Reports suggest pheasant count may increase slightly from 2011
Slayton, Minn. — Based on comments and anecdotal reports from the recent DNR roadside counts, it appears officials are optimistic – but probably not overly so – regarding the upcoming fall hunt.
Wendy Krueger, DNR area wildlife manager in Slayton, said pheasant counts this year were better than last year, but not as good as 2010.
During the past few months, the birds have been aided by a mild winter, and, for the most part, a dry spring – over-winter survival was good, as was production this year.
Following a second consecutive harsh winter, last year’s count was down 82 percent from 2010, Krueger said.
“It’s hard to get any lower than that, and it didn’t (in 2012),” she said.
Tabor Hoek, private lands specialist for the Minnesota Board of Water and Soil Resources, reports the same.
“Anecdotally, I hear things have improved from last year,” he said.
The state’s conservation officers, some of whom participate in the roadside counts, also have weighed in on the topic, both good and bad.
From CO Greg Abraham, of New Ulm: “Pheasant numbers are better than last year, but still below average.”
CO Bob Geving, of Mankato, conducted two roadside counts in Blue Earth County and found the pheasant count “was way down, with only a handful of birds” observed.
CO Brett Oberg found results similar to last year in the Hutchinson area, while CO Scott Fritz, of La Crescent, reported finishing a pheasant survey in which he “didn’t count a single pheasant.”
South Dakota situation
Like Minnesota, it’s likely South Dakota will have fewer places to hunt pheasants this fall, even though bird numbers appear to have rebounded.
Emergency haying and grazing, as offered by the U.S. Department of Agriculture in July, appear to be favorable options for many landowners.
Tim McCurdy, a conservation officer with the South Dakota Department of Game, Fish and Parks, said he recently traveled from his station to Chamberlain in southeastern South Dakota and saw those activities on CRP lands, and on that state’s own public-access acres, known as “walk-in areas.”
“It seemed like every section of CRP has been touched in some way,” he said. “It’s a sad sight to see, but it is what it is.”
He said most residents understand the dire situation in which the drought has left livestock producers.
But, McCurdy said, in conducting recent counts of pheasants in the area, it appears the population has increased over last year.
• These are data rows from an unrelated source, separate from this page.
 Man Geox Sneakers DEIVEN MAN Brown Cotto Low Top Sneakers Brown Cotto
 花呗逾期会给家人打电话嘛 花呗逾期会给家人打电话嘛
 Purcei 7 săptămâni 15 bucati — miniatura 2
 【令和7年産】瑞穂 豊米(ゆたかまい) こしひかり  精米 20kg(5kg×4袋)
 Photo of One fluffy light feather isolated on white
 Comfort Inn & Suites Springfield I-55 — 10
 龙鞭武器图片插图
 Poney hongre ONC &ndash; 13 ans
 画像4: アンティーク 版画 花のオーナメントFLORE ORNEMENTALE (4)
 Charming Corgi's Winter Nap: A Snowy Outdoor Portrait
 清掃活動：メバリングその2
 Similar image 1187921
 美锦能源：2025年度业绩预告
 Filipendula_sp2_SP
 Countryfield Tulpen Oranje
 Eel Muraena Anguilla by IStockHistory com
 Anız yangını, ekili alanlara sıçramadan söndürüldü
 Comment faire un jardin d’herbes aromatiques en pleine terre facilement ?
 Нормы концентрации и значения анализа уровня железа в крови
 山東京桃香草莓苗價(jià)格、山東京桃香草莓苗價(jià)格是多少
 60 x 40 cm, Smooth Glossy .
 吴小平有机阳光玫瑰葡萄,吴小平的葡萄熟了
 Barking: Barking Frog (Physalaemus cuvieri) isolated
The official statewide estimate was due out this week.
In South Dakota, most walk-in areas aren’t also enrolled in federal or state conservation programs – only about 10 percent, according to Mark Norton, GFP’s hunting access and Farm Bill coordinator.
And, he said, “If we’re paying (landowners) for undisturbed habitat, the payment is reduced if it’s hayed or grazed.”
With 1.3 million acres in the public access program in the state, Norton said it will be difficult for hunters – pheasant hunters, most of them – to find out prior to their journeys which areas have been hayed or grazed.
However, he hopes information from the Farm Service Agency will enable the state department to issue a press release prior to the hunting season, announcing what percentage of conservation land monitored by the FSA (federal conservation acres) has been hayed or grazed.